When John Morley published his massive official biography in 1881, agricultural depression and industrial decline were beginning to erode the appeal of free trade in Britain. Morley’s book became both a vindication and an exercise in tact, and Cobden the extra-Parliamentary agitator and radical MP was transmuted into a responsible proponent of ‘wise, just and sedate government’. In 1918, J.A. Hobson, another Liberal politician and a committed anti-imperialist, chose – naturally enough – to celebrate Cobden’s rejection of armed intervention whatever the cause, his self-chosen role as an international man. But it was as a Manchester man that Cobden came to be most generally regarded. Before and after the Second World War, a succession of books presented him as a spokesman for the industrial North, as a prime exemplar of those middle classes which had been enfranchised and emboldened by the Reform Act of 1832. Now, in the late 1980s, we have two new biographics, both produced by American university presses, both claiming to be the first full-length modern study, and each written (apparently) in ignorance of the other. What price Cobden now?
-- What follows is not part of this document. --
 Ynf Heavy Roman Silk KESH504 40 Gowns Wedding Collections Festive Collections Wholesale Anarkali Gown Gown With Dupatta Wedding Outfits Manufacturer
Both books are good, scholarly and readable. Wendy Hinde’s study is the more accessible and better-written, while Nicholas Edsall writes more incisively and with a wider understanding of Cobden’s political and social context. But both suffer from the problem that hampered their predecessors. It is easy as well as correct for a biographer to make Cobden seem an admirable man, strong and resolute in his convictions, lucid and alert in his intelligence, genial and sympathetic in his relations with his family and his close friends, and a significant force in Parliamentary and extra-Parliamentary politics in Victorian Britain. But it is much less easy to rescue Cobden from his unrelenting worthiness, to re-create his appeal for large audiences, or to convey the vigour, forcefulness and sheer anger of his temperament. For this was a man who guarded his respectability as well as his radicalism.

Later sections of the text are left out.